Императрица хотела возражать, но я прервал ее и продолжал:

– Положив руку на сердце, сознаемся, что вполне невиновного нет ни одного смертного и русская империя небезупречна, в особенности в своей истории. Лучше миловать, чем карать, и при всяком восшествии на престол милость гораздо благоразумнее строгости.

Тетушка поняла меня и обещала употребить все возможное для достижения этой цели; но ее старания и мои ожидания оказались по-видимому бесплодны.

Императрица Мария Федоровна прекрасно поняла «неделикатный» намек своего племянника… Среди тех, кто подавлял мятеж 14 декабря и заседал в следственной комиссии, были убийцы ее мужа императора Павла.

Принц Евгений, как-никак европеец, полагал, что, имея подобное наследие, русскому императору не пристало быть бескомпромиссно суровым. Он считал, что традицию надо переломить…

Николай Павлович рассудил по-иному.

Из письма Николая I великому князю Константину. 6 июля 1826 года

В четверг начался суд, со всей подобающей торжественностью. Заседание идет без перерыва с 10 утра до 3 часов дня, и, несмотря на это, я еще не знаю, приблизительно к какому числу может кончиться. Затем последует казнь – ужасный день, о котором я не могу думать без содрогания. Предполагаю: провести ее на эспланаде крепости.

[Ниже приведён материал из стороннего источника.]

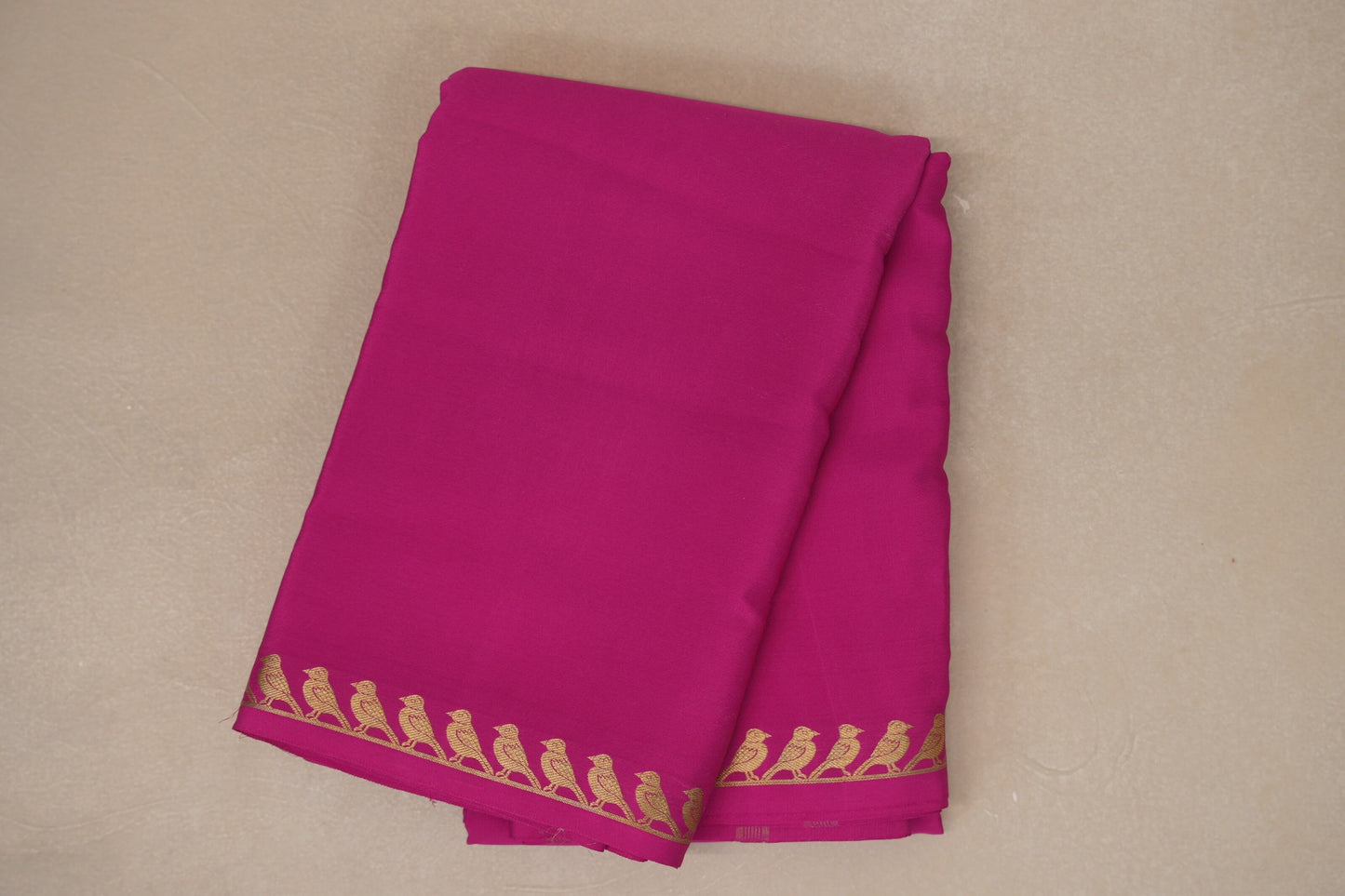 Bright Rani Pink Mysore Silk Saree PSSR019000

Из письма Николая I императрице Марии Федоровне. 10 июля 1826 года

Я отстраняю от себя всякий смертный приговор, и участь этих пяти наиболее презренных предоставляю решению Суда; эти пятеро: Пестель, Рылеев, Каховский, Сергей Муравьев-Апостол и Бестужев-Рюмин.

То есть, что бы ни декларировал Николай Павлович, задолго до окончания суда он уже предопределил участь подсудимых.

Вокруг решения о смертной казни ходило множество слухов.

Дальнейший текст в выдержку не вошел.